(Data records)
■ ■ ■ ■ ■
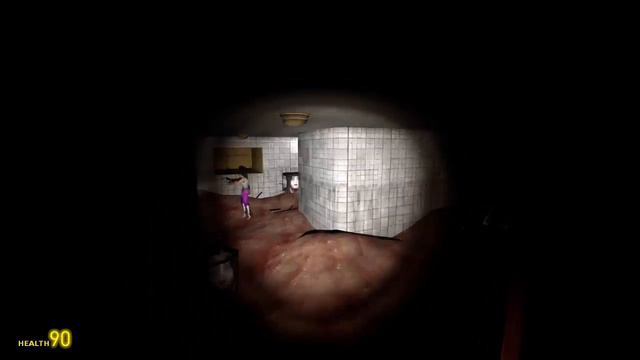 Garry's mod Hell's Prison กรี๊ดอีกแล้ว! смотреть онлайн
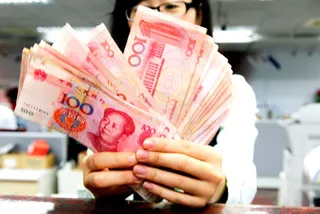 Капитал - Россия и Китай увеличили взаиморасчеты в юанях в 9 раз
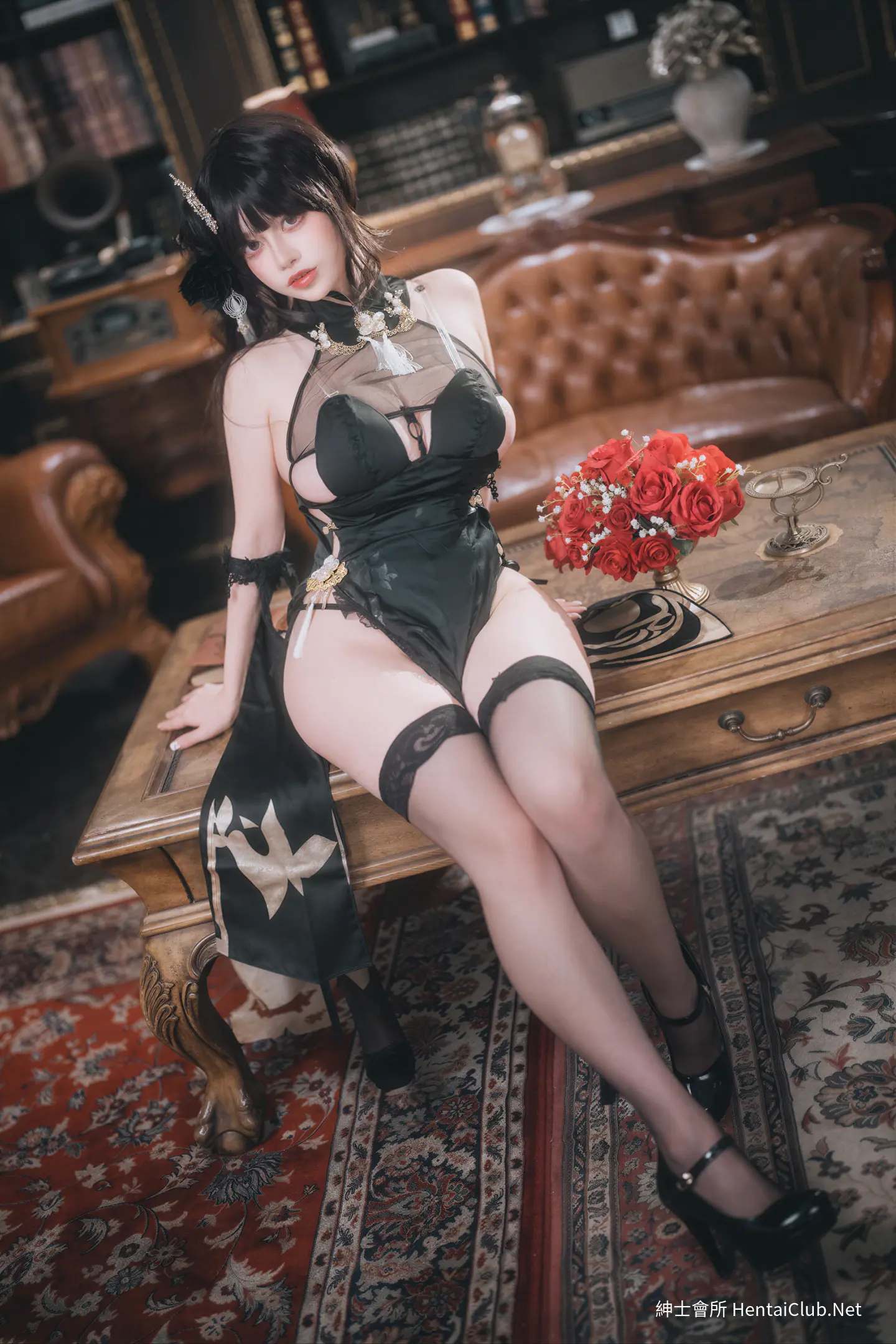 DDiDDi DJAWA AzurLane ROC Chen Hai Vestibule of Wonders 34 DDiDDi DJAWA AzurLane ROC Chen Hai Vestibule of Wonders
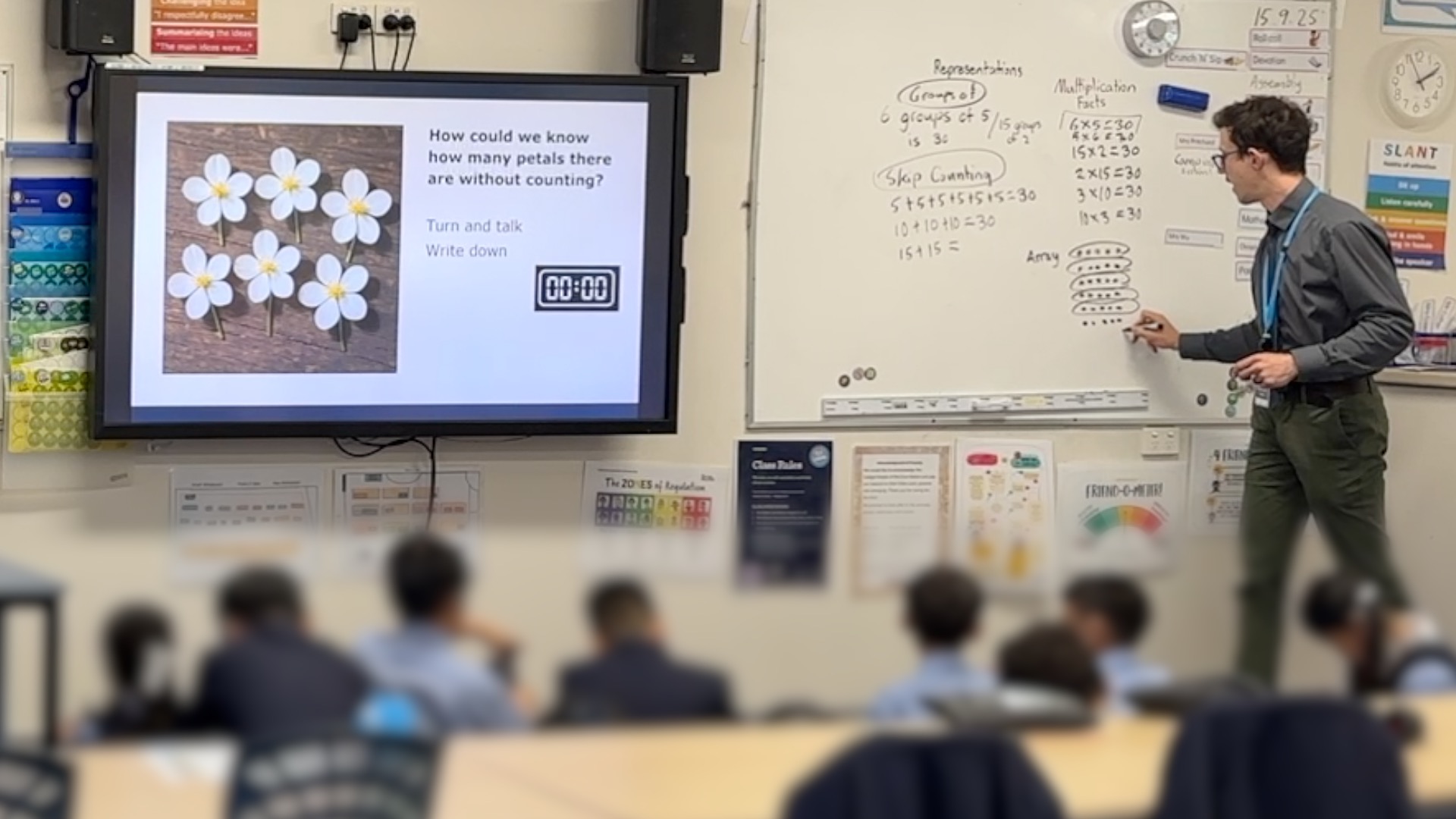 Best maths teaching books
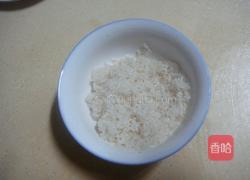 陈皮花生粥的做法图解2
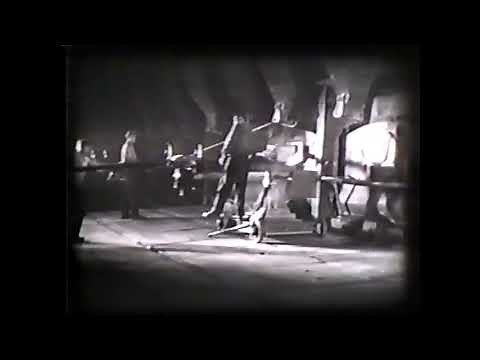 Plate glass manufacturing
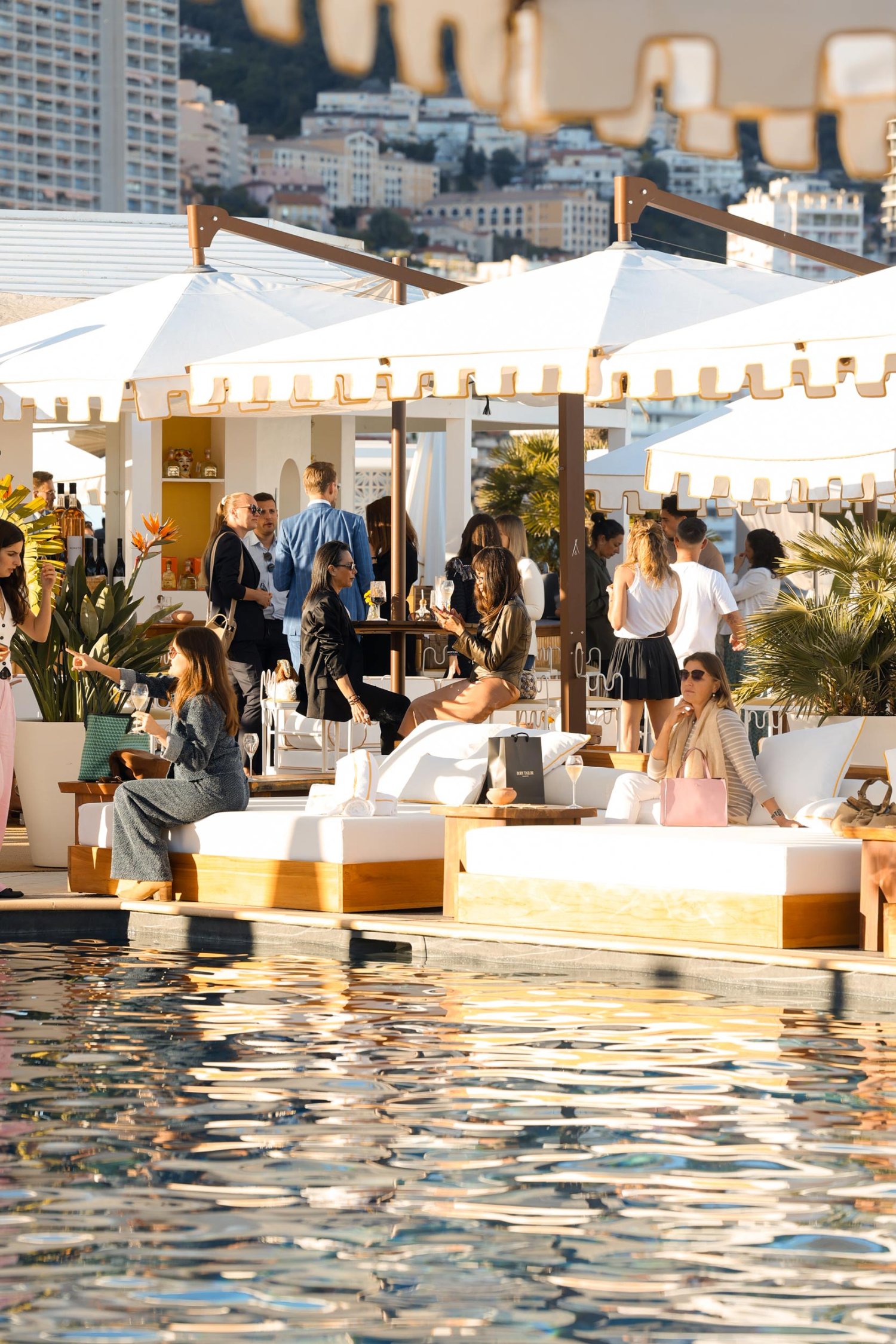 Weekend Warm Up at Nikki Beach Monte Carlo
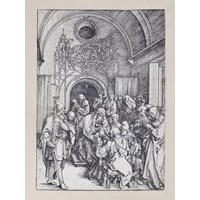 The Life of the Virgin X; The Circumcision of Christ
■ ■ ■ ■ ■
[HOW TO COMPLETE THIS TASK]
Once the line containing "Weekend Warm Up at Nikki Beach Monte Carlo" has been found, write out exactly that line and each one after it through the end of the data, leaving out every picture.

[PROBLEM SOLUTION]
 Weekend Warm Up at Nikki Beach Monte Carlo
 The Life of the Virgin X; The Circumcision of Christ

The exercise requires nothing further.